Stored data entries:
★ ★ ★

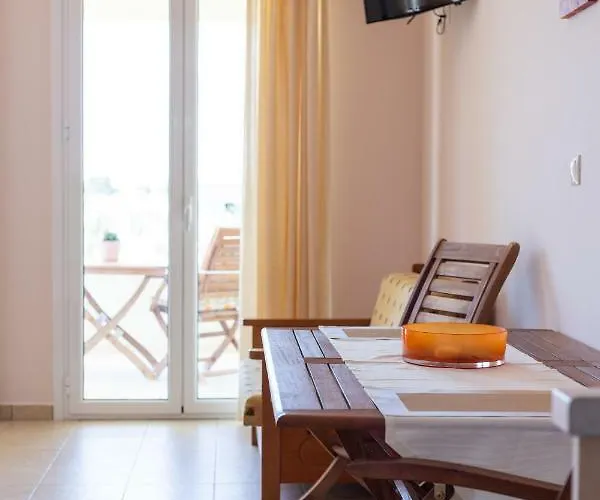 Aphrodite Apart-hotel 3*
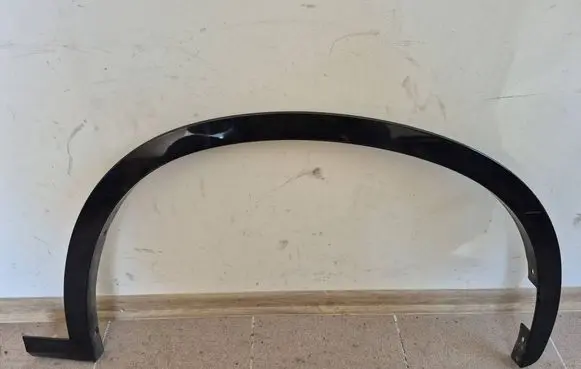 BMW X1 F48 F49 Front arch trim 8059872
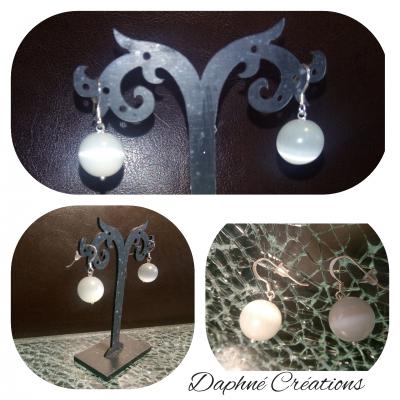 Boucles d'oreilles argent 925 et boules perles blanches oeil de chat.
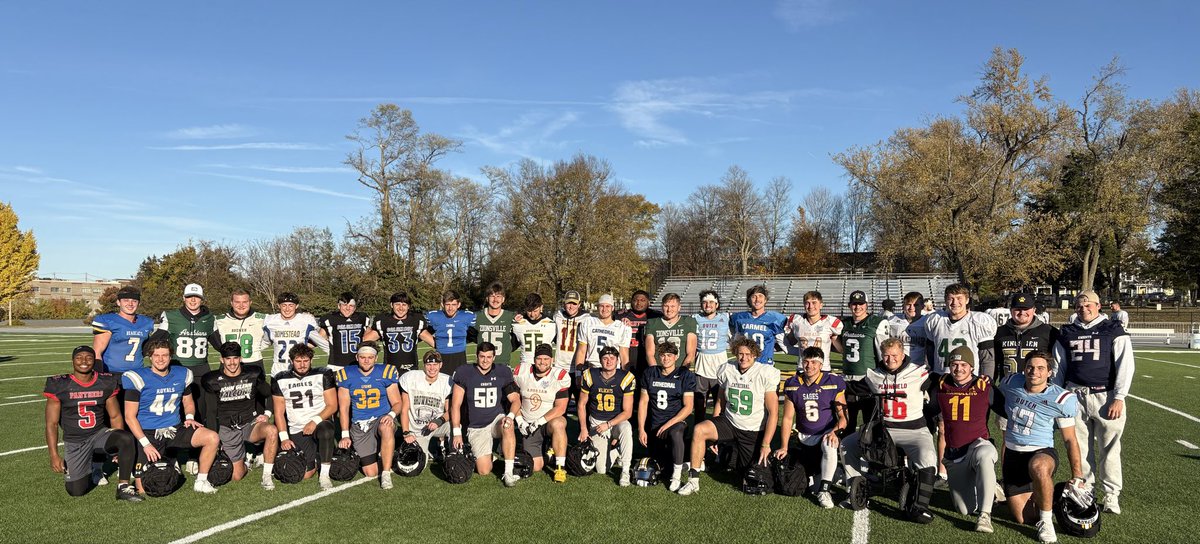 SENIOR DAY! Not enough words to describe your importance and impact. Today we play for YOU! 

PLAY FOR OUR SENIORS

PLAY FOR THOSE THAT CANT PLAY

PLAY FOR WHATS ACROSS YOUR CHEST 

PLAY FOR THE GUY NEXT TO YOU
#TigerPride <a href="/DePauwTigersFB/">DePauw Football</a>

★ ★ ★

◆ BRIEF
Line by line, write out the data above exactly, without the pictures.

◆ COMPLETED TASK
 Aphrodite Apart-hotel 3*
 BMW X1 F48 F49 Front arch trim 8059872
 Boucles d'oreilles argent 925 et boules perles blanches oeil de chat.
 SENIOR DAY! Not enough words to describe your importance and impact. Today we play for YOU! 

PLAY FOR OUR SENIORS

PLAY FOR THOSE THAT CANT PLAY

PLAY FOR WHATS ACROSS YOUR CHEST 

PLAY FOR THE GUY NEXT TO YOU
#TigerPride <a href="/DePauwTigersFB/">DePauw Football</a>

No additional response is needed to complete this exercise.